Not only is it really unlikely to be worth the investment of time of even a very talented person already familiar with the basic physical rules and principles of fluid dynamics to delve into these things close enough to make reliable independent judgments, but there is the more fundamental problem of the predictions being the result of using nation-state-scale computational resources and thus not amenable to normal rigorous intellectual analysis and scrutiny. At the current level of wealth and technology, even that scale of resources turns out to pale in comparison to the task. You can think of it as being in principle a lot like weather forecasting except many, many orders of magnitude more demanding.

But if you are determined to give it a try, you can start by learning about the very mainstream and popular global climate model CM4 here: https://www.gfdl.noaa.gov/coupled-physical-model-cm4/ and if you want to see how it compares to some of the other major ones try CMIP6: https://www.wcrp-climate.org/wgcm-cmip/wgcm-cmip6

And even if you achieve the maximum possible human fluency in all that, then you're *still* in big trouble.
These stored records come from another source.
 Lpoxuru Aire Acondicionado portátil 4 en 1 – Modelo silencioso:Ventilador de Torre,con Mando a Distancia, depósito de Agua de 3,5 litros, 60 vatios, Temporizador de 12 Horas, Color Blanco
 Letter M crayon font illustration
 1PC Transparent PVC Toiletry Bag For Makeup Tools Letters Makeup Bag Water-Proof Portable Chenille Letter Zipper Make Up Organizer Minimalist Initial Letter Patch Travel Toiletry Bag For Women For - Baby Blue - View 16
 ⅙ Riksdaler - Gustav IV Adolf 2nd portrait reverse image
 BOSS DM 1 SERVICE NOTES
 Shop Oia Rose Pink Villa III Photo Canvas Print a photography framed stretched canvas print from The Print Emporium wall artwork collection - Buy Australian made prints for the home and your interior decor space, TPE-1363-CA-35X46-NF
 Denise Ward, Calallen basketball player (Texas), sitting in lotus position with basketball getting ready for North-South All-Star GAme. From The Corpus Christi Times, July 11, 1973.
That's because the models themselves incorporate empirical factors that - even assuming that even as concepts they actually map to reality, which has by no means been genuinely proven or 'settled' - are highly uncertain and greatly disputed. Or, at least they once were and justly still would be if the institutions and personalities dominating the field hadn't gone down the road of full epistemic corruption, enforcement of conformity to official orthodoxy, and persecution of heresy.

The construct of a "Climate Sensitivity Factor" is perhaps the most infamous of these inputs, and for reasons of chaos and noise that plague any complicated long-term simulation, like with heavy artillery, if it's off by an inch then the model prediction misses by a mile. Attempts at retrodictive calibration and validation of such factors are pretty much futile when it comes to actually mitigating the scale of the problem in terms of the error-bars in the forecast.
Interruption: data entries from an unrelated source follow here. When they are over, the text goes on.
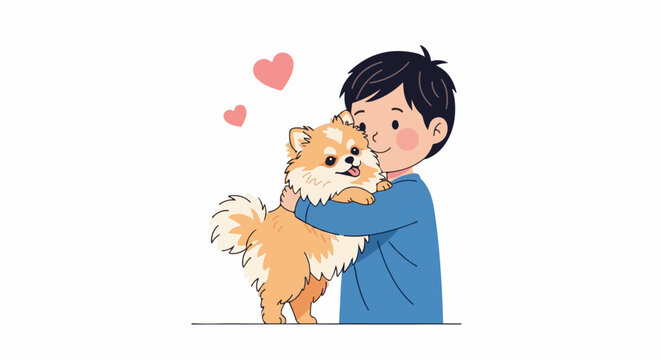 A smiling boy holds a fluffy orange dog, surrounded by hearts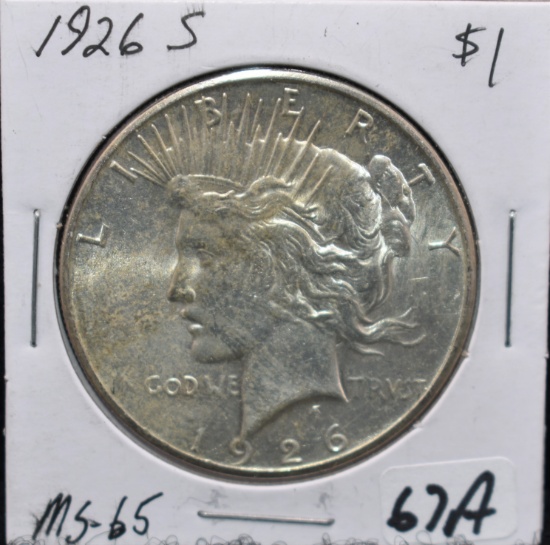 1926-S PEACE DOLLAR - MARKED MS65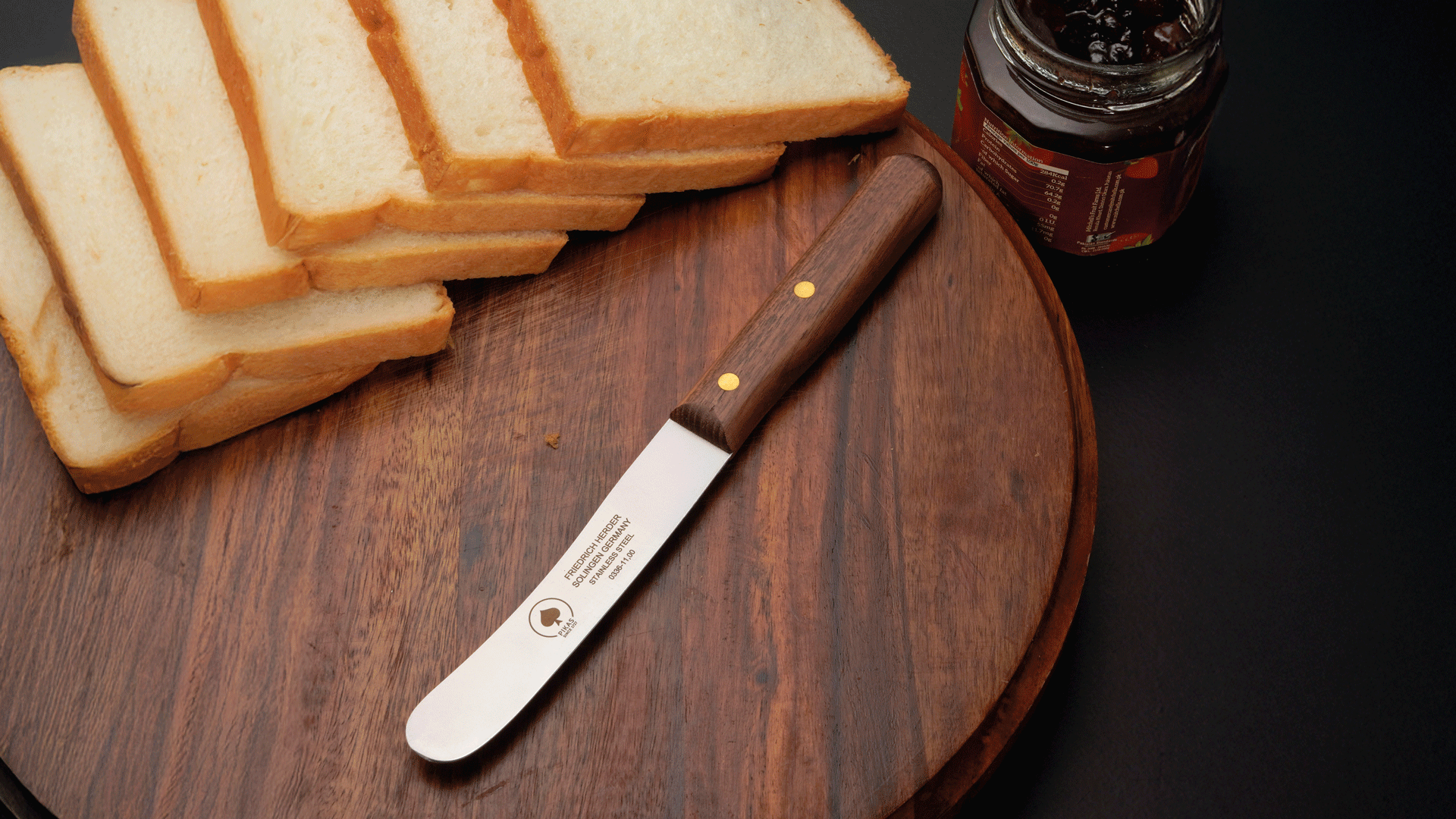 Buckelsmesser Solingen mit Walnussholzgriff – Brotzeitmesser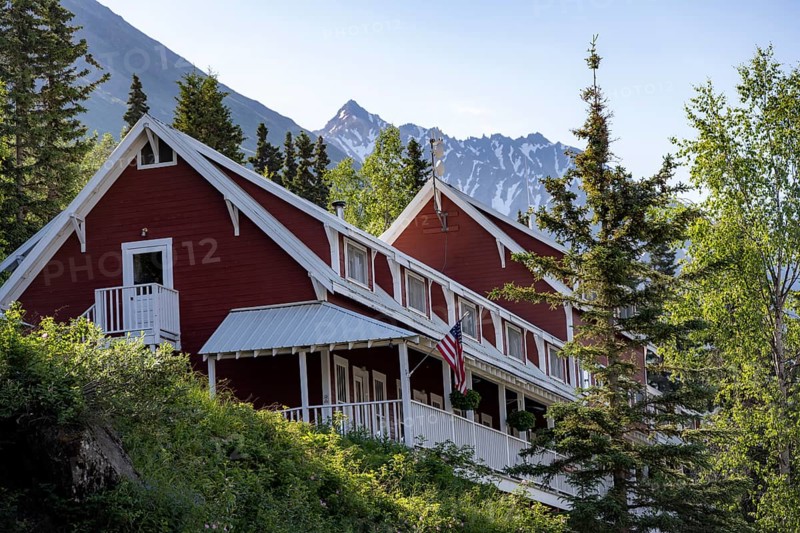 Red Kennicott Buildings in a Mountain Landscape, Historic Kennecott Copper Mine, National Historic Landmark, Wrangell St. Elias National Park, Alaska, USA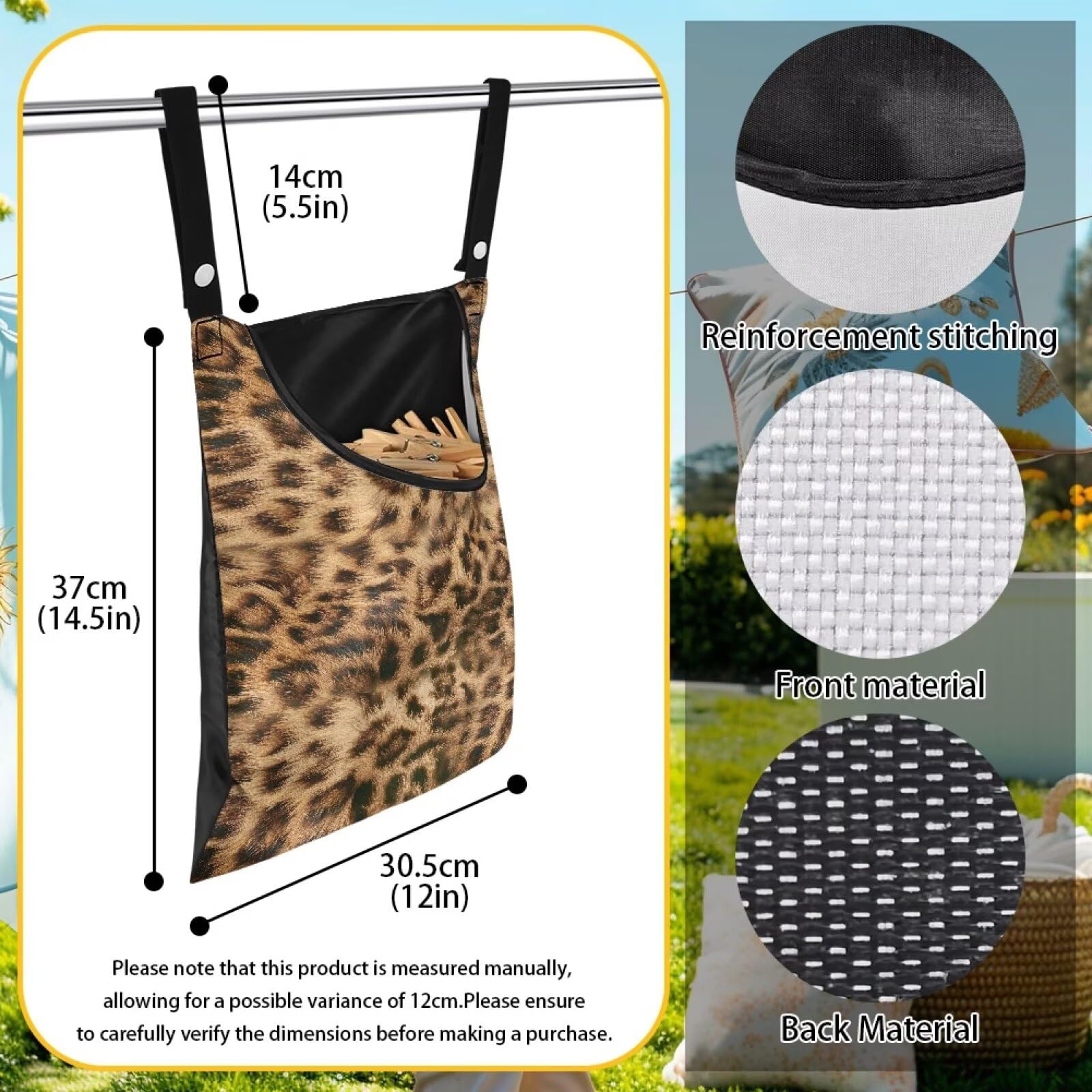 Brown Leopard Print Clothespin Bags Moon Space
If you want a kind of best-case scenario of such things in a much easier, much shorter-term, and much, much more simplified context, consider the maps overlaying the tracks that result from the many models out there trying to predict the path of hurricanes early in their development as tropical storms. The models are generally based on the same underlying principles and datasets and tend to differ from each other only in slight disagreements about statistical factors analogous to 'climate sensitivity'. And those small differences mean that the storm tracks go all over the place with estimated landfall sites often spread all over the whole coast of the continent.

And even if you somehow were to succeed in satisfactorily addressing all those problems and felt you had reliable and precise climate forecasts into the far future, to justify any particular intervention policy you would *still* face the problem of conducting a long-term cost benefit analysis that has to figure out, say, the differences in aggregate human welfare or global GDP in various scenarios as they might play out in the year 2100 or something. Which, duh, is completely impossible in practice and I'd argue even in theory, and anyone who pretends otherwise is either simply lying, delusionally naive and overconfident in a way that the term 'hubris' doesn't even begin to capture, or batshit insane, pardon my French.

When Lord Nicolas Stern put his name on that review of the economics of climate change back in 2006 which expressed high confidence in big net macroeconomic benefits a century hence to equally big and costly interventions in the short term, it seems to me that he was exhibiting a combination of all three possibilities.